For sceptics like Hardy and Swinburne, Christianity was very much the agent of the delusion of transcendence, and was discredited as a result. It is fair to say that Christianity, and in particular Catholic Christianity, has not always helped itself in this regard: the popular fascination with corporeally incorrupt saints, for example, can suggest a religion trying somewhat desperately to shore itself up against the inevitability of change and decay. And yet, as Lent reminds us, things have always been more complicated than this. When we are told on Ash Wednesday to remember that we are dust, it is an admonition, but it is also a beautiful expression of hope; because behind it is always the recollection that the truth of the gospel in which we are adjured to believe is that God himself has embraced our flesh, our ‘dustiness’, in the person of Jesus; and that in doing so has redeemed it. It is OK for us to remember that we are but dust, because even our dust has been carried by Christ into the Godhead. We are therefore freed from anxiety about our mortality. We can embrace the world of change and decay, because it is precisely in them that the transcendent God comes to find us.

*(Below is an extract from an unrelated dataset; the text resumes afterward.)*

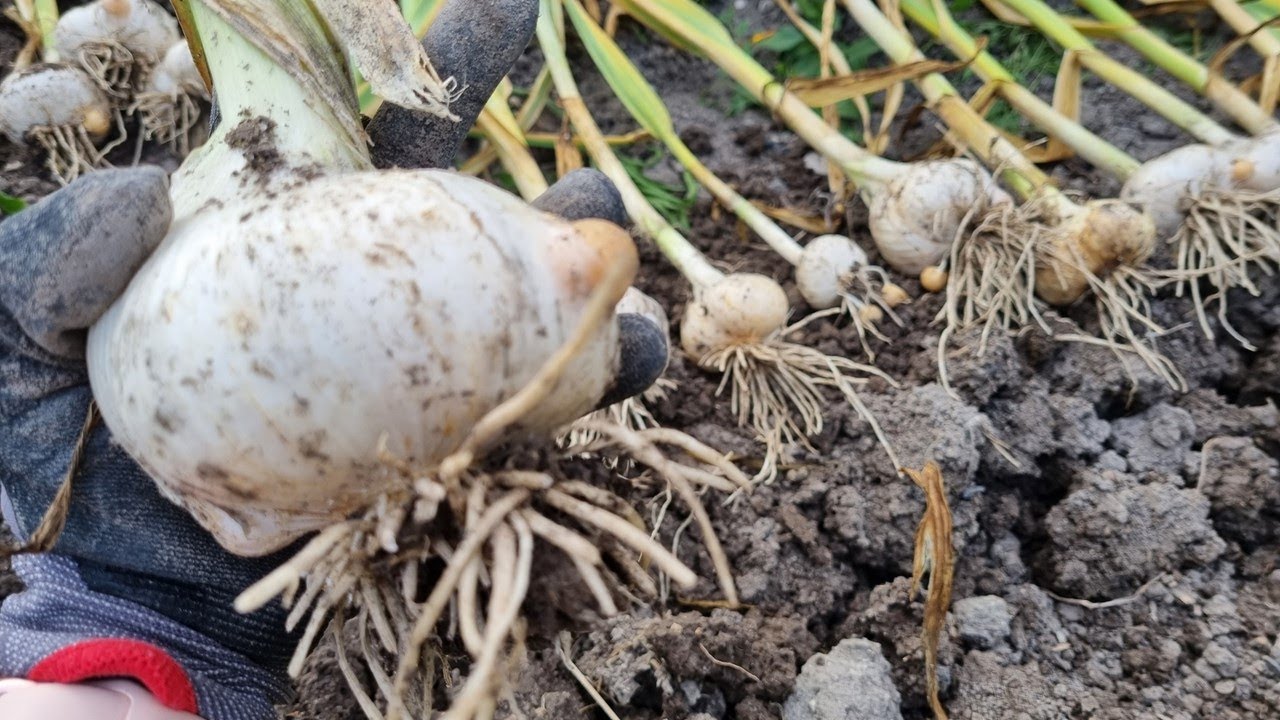 Слоновий часник Elephant Garlic рокамболь,як виглядає,як виростити і чи варто ?/ Czosnek słoniowy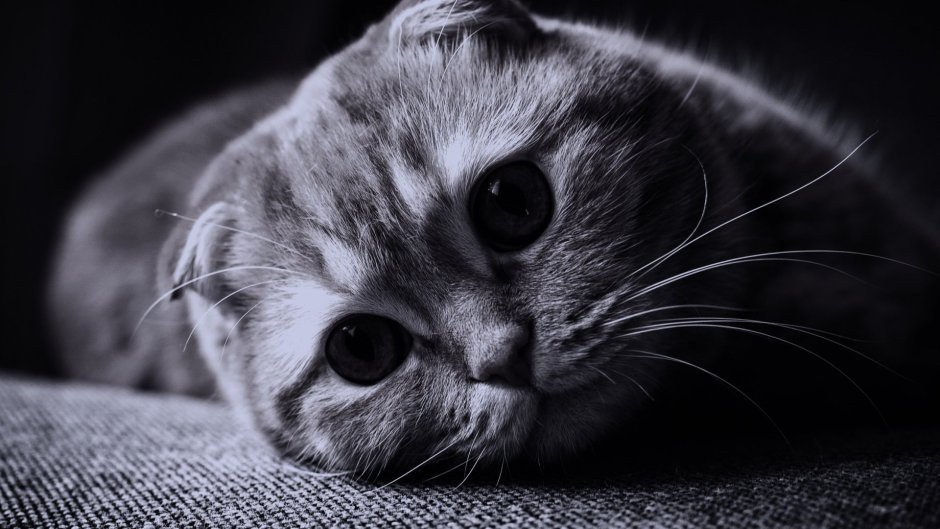 Котята породы шартрез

Probably not much of this would have made sense to Hardy as he wrote “During wind and rain”—an old man watching the shells of World War One smash European civilisation to pieces much more brutally than the ploughing of a raindrop on a tombstone. Yet for us, it means that we can enjoy this poem—in my view, one of the great poems of the early twentieth century—without needing to share in Hardy’s unrelenting cosmic pessimism. Yes, there is death, and time will eventually see off houses and gardens, people, names, and even memories. And yet even the wind and the rain are hallowed, because in Christ God himself has come and let himself be buffeted by them.